Maria dan Marta sebagai teladan bukanlah untuk dipilih, melainkan keduanya harus dihidupi bersama. Ada semangat yang begitu besar dalam diri untuk duduk mendengarkan Tuhan. Sekaligus ada gelora yang begitu hebat untuk berkarya bagi Tuhan. Ada semangat yang besar untuk mengenalkan Tuhan kepada banyak jiwa yang semakin menjauh dari Tuhan. Kedua semangat itu harus hidup bersama di dalam hati.
Hidup kontemplatif, hanya mau mendengarkan Tuhan saja dan kurang mau berkarya adalah sikap pemalas. Karena buah doa haruslah tertuang dalam karya dengan sesame. Sebaliknya, sibuk beraktivitas tanpa disertai kedekatan dengan Tuhan yang mendalam sangatlah kurang. Apakah yang diberikan dalam karya jika tidak dibarengi semangat mendengarkan Tuhan. Pastilah dirinya sendiri. Bukankah Tuhan yang harusnya diwartakan dan dibagikan?
Persatuan dengan Allah ini tidak akan hilang lagi. Seperti kayu api yang dibakar dan akhirnya menjadi bara yang menyala. Mungkinkah bara yang menyala itu kembali menjadi kayu kering? Pasti tidak bisa. Bahkan sulit dibedakan antara nyala dengan bara. Itulah jiwa yang sudah bersatu dengan Allah dalam pernikahan rohani. Persatuan itu tidak akan terlepas lagi. Sekaligus persatuan itu memberi daya yang istimewa untuk giat berkarya bagi banyak jiwa.

Pertanyaan Reflektif:
1.     Pada bagian ini sebenarnya tidak diperlukan banyak pertanyaan lagi. Keadaan puncak ini akan sangat baik kalau digunakan untuk hening, diam membiarkan anugerah Tuhan bekerja dan berkarya.
2.     (Jika masih diperlukan bimbingan untuk berefleksi, berikut ini bisa dipakai, tetapi tidak harus dipakai.) Dalam pernikahan rohani, apakah yang aku bayangkan?

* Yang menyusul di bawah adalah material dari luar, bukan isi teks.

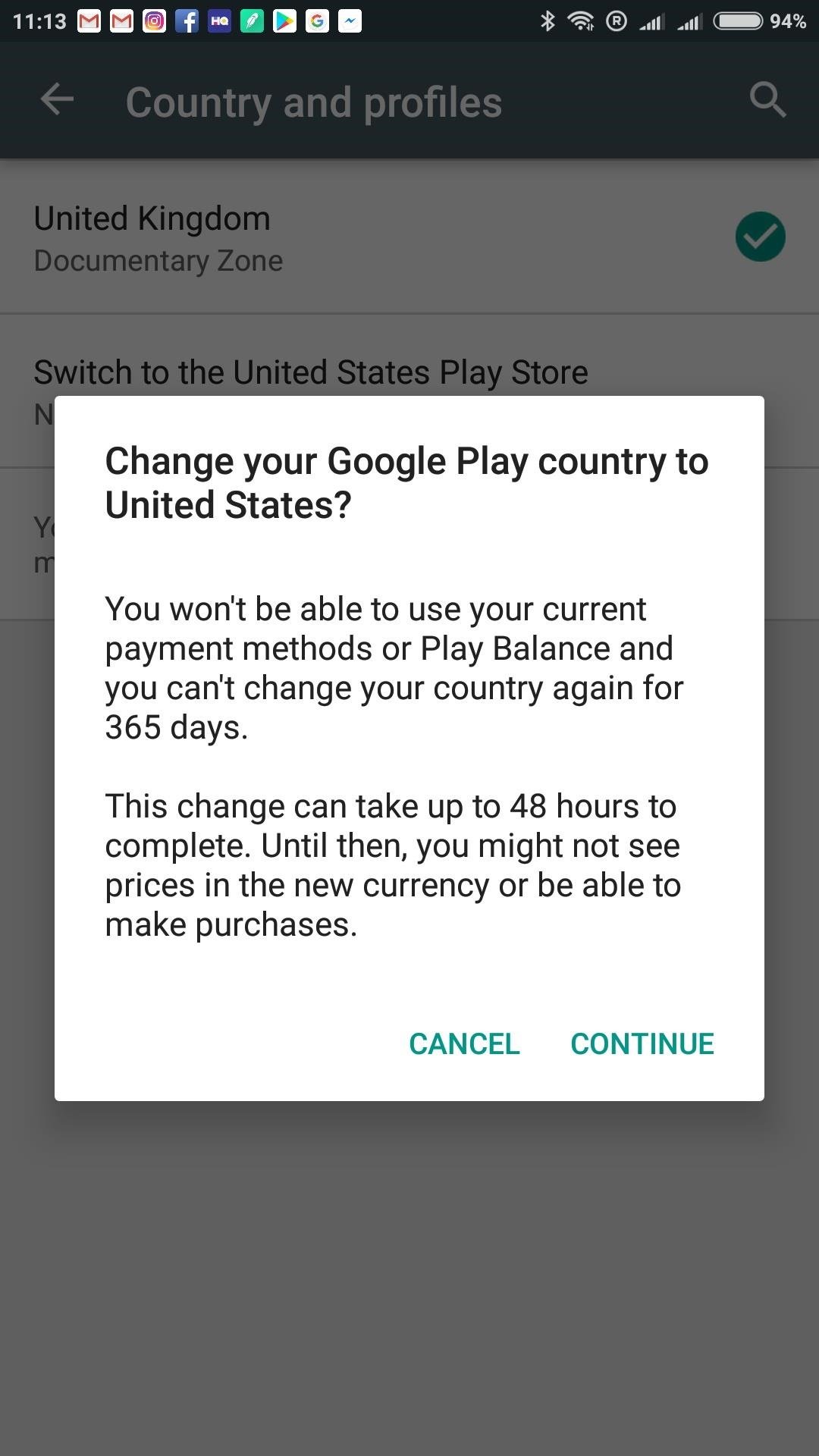الخطوة السادسة في خطوات تغيير البلد في متجر جوجل بلاي 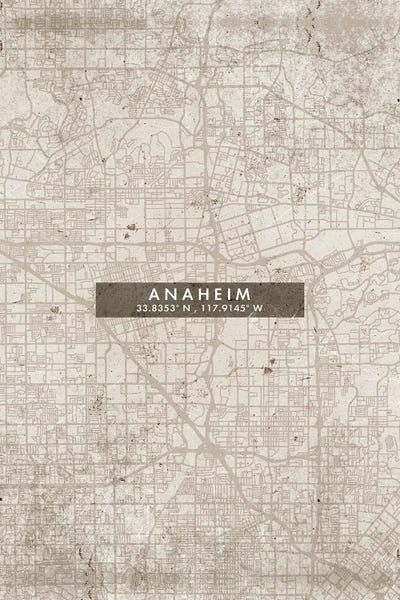 Anaheim City Map Abstract Style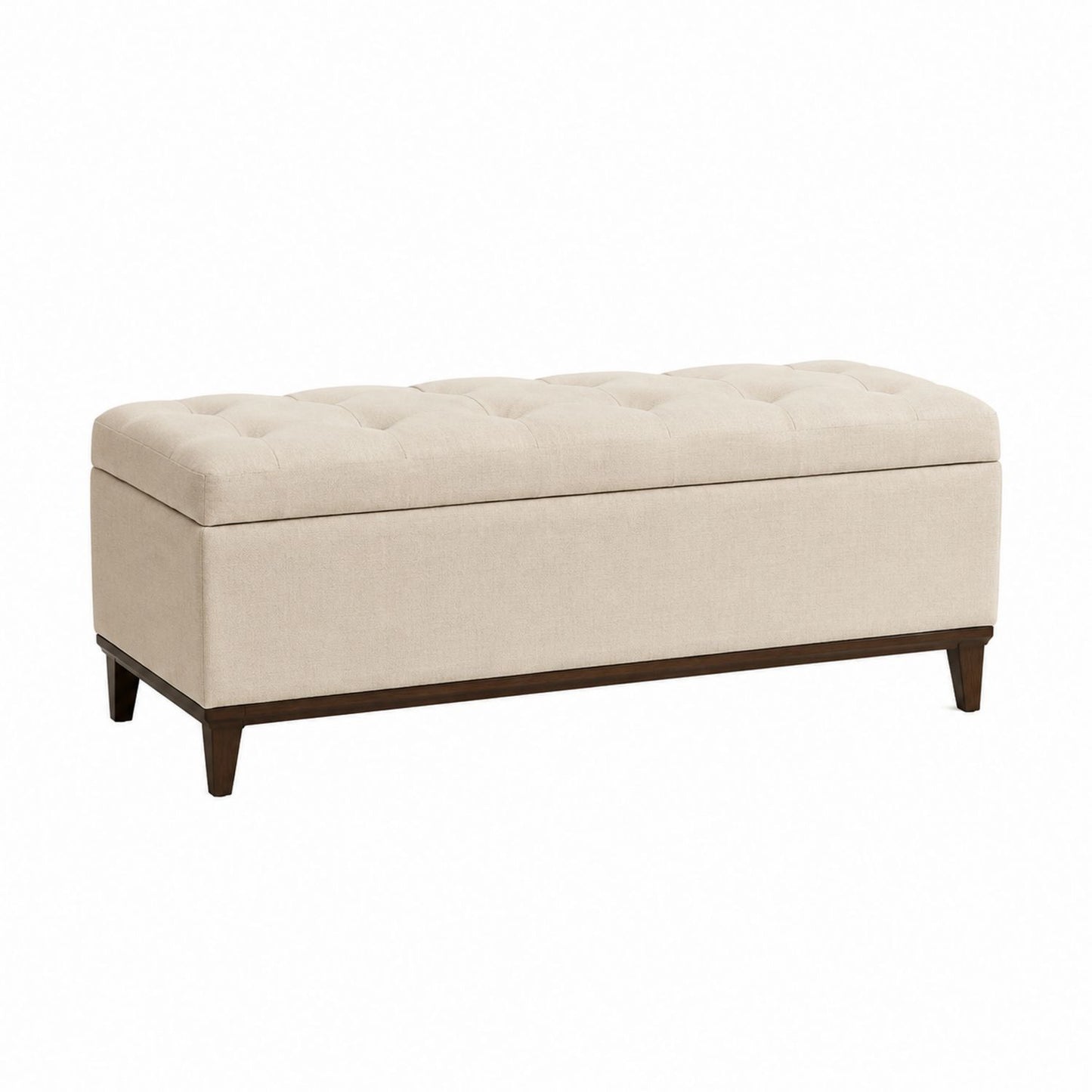 Linen Upholstered Storage Bench with Tufted Lid 120cm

Perasaan apa yang dominan di dalam hatiku ketika membayangkan sebuah pernikahan rohani dengan Allah? Pantaskah aku menjadi mempelai-Nya? Bersediakah aku menjadi mempelai-Nya?
3.     Apakah penilaianku terhadap pribadi Maria dan Martha? Manakah yang lebih cocok dengan karakterku? Mungkinkah kedua karakter tersebut dipadukan? Apakah aku bersedia menghidupi kedua karakter tersebut dalam kehidupanku?